Introduction and Background
This is a real example of a recently used filename in an MDL exercise:
- ssh_vals_annu_100m_glo_woa05_ingrid_anal.nc
Why is it so long? Do you take the time to assign carefully structured, complete filenames to your data products? And do you have any problems finding them weeks or months later? Maybe you should read this article.
The following is a recommended file-naming convention for datasets used all your earth science data work. It is based on years of experience working with large numbers of datasets in classroom settings and in the compilation of regional marine atlases. Both situations often lead to confusion about the identities of files, due to name similarities and to the proliferation of "child" files derived from other files by sequential processing steps.
General
- Give as much detail as possible - but only the Parameter (see below) is absolutely mandatory
- Use familiar, intelligible and simple tokens for each filename section
- Use only numbers and lower-case letters
- Use an underscore (not a hyphen; not a space) to separate filename sections
-
Use the
letter p to donate a decimal point, for example 0p5
instead of 0.5
- Very new recommendation, not yet followed throughout MDL exercises
- Use no special characters, such as &, -, +, %, etc.

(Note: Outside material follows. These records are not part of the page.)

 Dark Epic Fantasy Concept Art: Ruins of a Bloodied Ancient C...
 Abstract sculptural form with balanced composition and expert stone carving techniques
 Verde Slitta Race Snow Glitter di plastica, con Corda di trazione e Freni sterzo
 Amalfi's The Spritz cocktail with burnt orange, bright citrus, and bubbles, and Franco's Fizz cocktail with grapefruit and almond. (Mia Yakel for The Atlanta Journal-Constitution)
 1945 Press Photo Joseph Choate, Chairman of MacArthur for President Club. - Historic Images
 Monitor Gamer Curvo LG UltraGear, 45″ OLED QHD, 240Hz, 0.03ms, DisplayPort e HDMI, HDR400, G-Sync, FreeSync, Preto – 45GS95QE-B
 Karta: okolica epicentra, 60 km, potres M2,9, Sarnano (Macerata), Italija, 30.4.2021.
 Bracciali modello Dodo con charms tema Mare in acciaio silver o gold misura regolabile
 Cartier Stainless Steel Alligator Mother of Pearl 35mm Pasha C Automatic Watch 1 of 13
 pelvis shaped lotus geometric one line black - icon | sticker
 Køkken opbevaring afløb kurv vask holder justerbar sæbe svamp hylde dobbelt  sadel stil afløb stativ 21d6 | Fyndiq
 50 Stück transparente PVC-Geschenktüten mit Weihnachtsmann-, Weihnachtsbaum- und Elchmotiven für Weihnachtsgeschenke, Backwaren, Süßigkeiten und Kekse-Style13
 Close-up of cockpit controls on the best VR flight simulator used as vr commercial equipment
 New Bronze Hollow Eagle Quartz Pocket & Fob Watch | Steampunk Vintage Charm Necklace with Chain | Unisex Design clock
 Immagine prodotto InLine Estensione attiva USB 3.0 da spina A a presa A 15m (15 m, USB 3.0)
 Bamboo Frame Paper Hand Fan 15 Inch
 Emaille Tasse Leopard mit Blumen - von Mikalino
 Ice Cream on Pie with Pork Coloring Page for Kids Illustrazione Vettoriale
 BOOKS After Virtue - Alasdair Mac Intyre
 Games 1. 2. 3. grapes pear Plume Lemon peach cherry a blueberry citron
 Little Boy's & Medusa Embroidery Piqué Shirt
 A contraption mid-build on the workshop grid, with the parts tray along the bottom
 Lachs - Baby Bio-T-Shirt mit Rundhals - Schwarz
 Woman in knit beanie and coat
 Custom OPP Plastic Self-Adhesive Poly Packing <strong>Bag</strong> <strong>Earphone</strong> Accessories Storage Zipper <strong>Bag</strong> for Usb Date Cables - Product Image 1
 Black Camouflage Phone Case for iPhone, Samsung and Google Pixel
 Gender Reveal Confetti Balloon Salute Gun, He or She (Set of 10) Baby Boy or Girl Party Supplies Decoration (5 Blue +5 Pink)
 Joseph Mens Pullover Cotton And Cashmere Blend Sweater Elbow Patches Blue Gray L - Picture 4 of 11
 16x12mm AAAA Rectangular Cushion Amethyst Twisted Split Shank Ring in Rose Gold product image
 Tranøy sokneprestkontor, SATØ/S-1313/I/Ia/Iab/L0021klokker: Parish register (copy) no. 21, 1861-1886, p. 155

- Use no Greek letters, e.g. such as µ; use u
- SPECIAL NOTE: Filenames inherited from other comprehensive naming conventions should usually be left unchanged (or perhaps slightly augmented), for example the MODIS filenames containing coded metadata details
Filename Sections in the Order They Should Appear
- The first 3 sections are easily standardized words, numbers and acronyms
- The final 4 sections are a bit less easily standardized terms
- Use as many sections as you need; nothing is sacred
Parameter or Object
- Examples: temp, sal, relhum, airt, phos, current_u, current_v, ssh, sst, waves, secchi, par, kd490, etc.
- Examples: coast(line), traj(ectory), depth, height, grat(icule), aoi(area of interest box), etc.
- Examples: multiple entry indicates multiple parameters, e.g. airt_relhum_windv
- Optional: add "_img" if it contains an image of data, and not data (unnecessary if the filename extension is obvious, e.g. jpg or png)
- Optional: add "_grid" or "_grids" if it contains gridded data, e.g. currentv_grid, temp_grid, ssh_grid
- Optional: add "_cons" if it contains contour lines from a gridded analysis, e.g. phos_cons
- Optional: add "_vecs" if it contains vector arrows for wind, current, or motion, e.g. current_vecs
- Optional: add "_anal" if it contains an analysis product, such as a table from Ocean Data View's surface mode tables
Date and/or Time
- Think about climatological, specific time or specific interval
- For climatologies, use letters/abbreviations for months and annu for annual average; do not use season names
- Use the ISO Format Standard 8601 for all dates, as detailed as possible
- Examples: 2014-01-19T09:44:30Z2005, amj (April-June), jul (July), annu
- Indicate general time-of-day for satellite sensor products, when applicable, e.g. day, nite or night
- Double entry indicates time interval, e.g. 200301_200303 (jfm of 2003)
Depth/Height
- Examples: surf, 0m, 100m, bot(tom), 700mbar - sense (depth or height) taken from the parameter
- Double entry indicates depth/height interval, e.g. 50m_100m
Location
- Examples: nami/namibia, afr/africa, atl, ind/indo, pac, arct/arctic, ant/antarct, balt, black, casp, bbeng, carib, med/medit, natl/noratl, satl/soatl, spac/sopac, glo/glob/global, soc/sooc, namer, samer, eu, asia, seasia, au/aus, etc.
Originator
- Marine program, project or model that originally produced the data (to include major synthesis activities)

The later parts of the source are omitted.